Often abstract in appearance, since when we investigate the hidden words and the story entangled by the tight line, we delve into their questioning of the canons, the hierarchies established by the West, the dogmas of the sacred books, the repressive sexuality of political power, churchman. Often blushed by what his writing and images expose, we can't help but feel, at the same time, seduced by his beauty.

The work that León did in the 1960s is delicate and monumental. The drawings of floating lines, just a succession of strokes on the paper, dialogue with his sculptures that weld or entangle the wire. They coexist, at the same time, with his paradigmatic work, The Western and Christian Civilization (1965), in which a Christ is crucified over an American bomber. After this work León abandoned art in the traditional sense of the term.

In 1975 he leaves for Brazil with Alicia, his wife, and all their family. They left for an exile that lasted until 1991, when they returned to Buenos Aires. In São Paulo, León is linked to the experimental formations of the city with artists such as Regina Silveira, Julio Plaza, Carmela Gross, Alex Fleming, Marcelo Nietsche and Hudinilson. The São Paulo moment is not only the moment of the return to art, to welded sculptures, to abstract instruments (which Léon calls berimbau). It is also a return to the sacred scriptures and the role that biblical writings play in the history of the West. If it is true that it is in São Paulo that Léon resumes his Bible and the questioning of Western culture, it is also true that he had already anticipated his arguments in many of his works of the 1960s. As in Noah's Ark, a tight handwriting recounting another version of the universal flood. In this, men die and only women are left. They are like Eva, a lover of knowledge, who disobeys and bequeaths to humanity all the pleasures of sex - that's why León says that tribute should be paid to Eva and that scientists should consider her a heroine, because she was the wise one. who discovered the value of research and knowledge. In this version of Noah's Ark, I was saying, Leon describes how women save humanity by cutting off drowned men's genitals and grafting them onto a tree they climb, in frantic, reproductive copulation. A great fornication against which God can do nothing but watch, absorbed, from a distance.

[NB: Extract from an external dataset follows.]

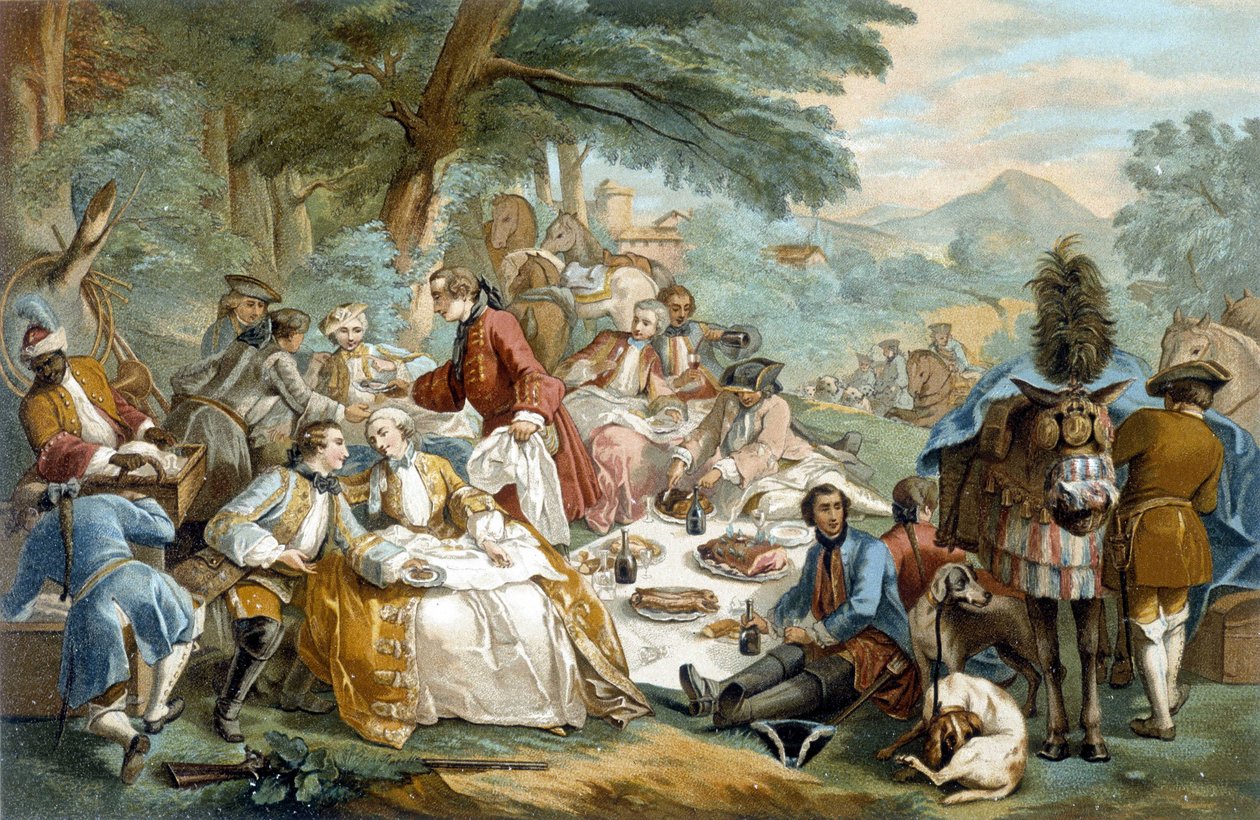 Jaktlunsj - etter Carle Van Loo av Carle van (after) Loo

In São Paulo, León resumed sculpture and drawings, this gray* that defines the rhythms of the lines with which he reinvents the alphabet, a writing of perpetual rhythms. I think about how his work is marked by liminal moments, of end and beginning, of abyss. Like when he wants to talk about censorship and he can't, because he can't find the forms, and encrypts the words in an apparently abstract line (letter to a general, 1963); as when the common vocabulary is not enough to describe the extremes of sensuality and searches and copies out of the dictionary words in disuse; hundreds of words that he separates from their meanings and uses for their sound; a sound that evokes love, the description of beauty, the account of sensual adventure. The limits of words and the limits of forms. All of León's work, we could say, is an exploration of the limits of what is possible to say through forms or through words. An invention of new words, of unpublished alphabets that it proposes to learn, alphabets of tied, deviated, rolled lines; lines ordered in this texture, in this weave of rhythms, in the visual whisper of the gray.

León once told me that “if by chance you have to go into exile, do it in Brazil, exile is better there”. These words contain many details of the particular relationship he had with Brazil. Here he found artist friends, here he recovered the experimental sense of art; here he returned to reading the holy books; here he carried out a monumental work; here he found, despite the pain of exile, the meaning of happiness.

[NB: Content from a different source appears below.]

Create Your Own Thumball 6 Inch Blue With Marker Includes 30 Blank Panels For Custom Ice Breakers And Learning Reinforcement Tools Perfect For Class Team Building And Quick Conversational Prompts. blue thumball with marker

The work of León Ferrari has today a strong and growing international recognition. The Golden Lion he received at the Venice Biennale in 2007 represents one of the greatest tributes. His work is exhibited in the main museums around the world and is disputed by public and private collections. But these are not the aspects that mark his legacy: this is in the work that León carried out during the 55 years of his life together with his family, his friends, the causes he has always supported and art. His work represents an open message to the past, present and future generations. León, as few artists can, reviews the past and the complexity of the present, through works that place us, when observing them, in front of a turbulent and inexhaustible beauty.